[WORK INSTRUCTIONS]: Reproduce everything from the line that contains "Preview: Pile of" down to the line that contains "Soda and snacks" in the listing below, word for word and nothing more. Leave the pictures out.

[DATA SECTION]:
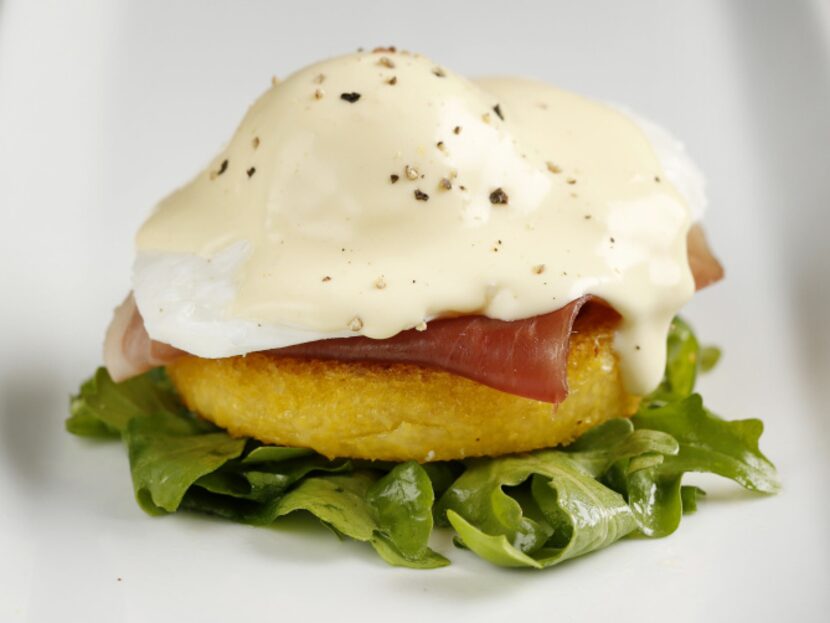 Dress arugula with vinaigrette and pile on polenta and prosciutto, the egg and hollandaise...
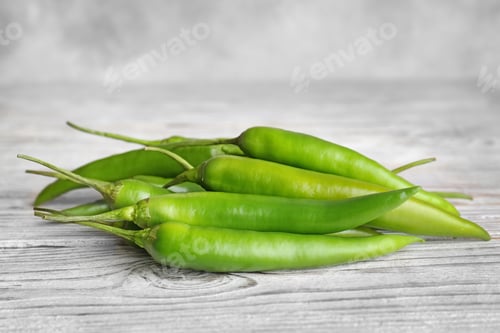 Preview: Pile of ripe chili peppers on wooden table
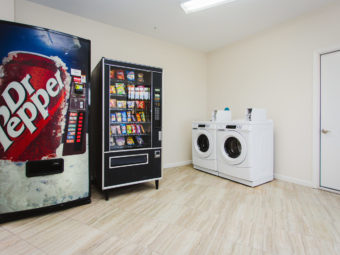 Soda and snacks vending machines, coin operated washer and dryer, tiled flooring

--

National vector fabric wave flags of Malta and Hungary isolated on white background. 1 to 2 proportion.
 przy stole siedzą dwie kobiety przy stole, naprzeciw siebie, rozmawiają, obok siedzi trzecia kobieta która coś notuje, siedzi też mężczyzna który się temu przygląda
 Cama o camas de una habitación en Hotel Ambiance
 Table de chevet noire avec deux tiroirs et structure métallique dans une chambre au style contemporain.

[SOLVED PROBLEM]:
 Preview: Pile of ripe chili peppers on wooden table
 Soda and snacks vending machines, coin operated washer and dryer, tiled flooring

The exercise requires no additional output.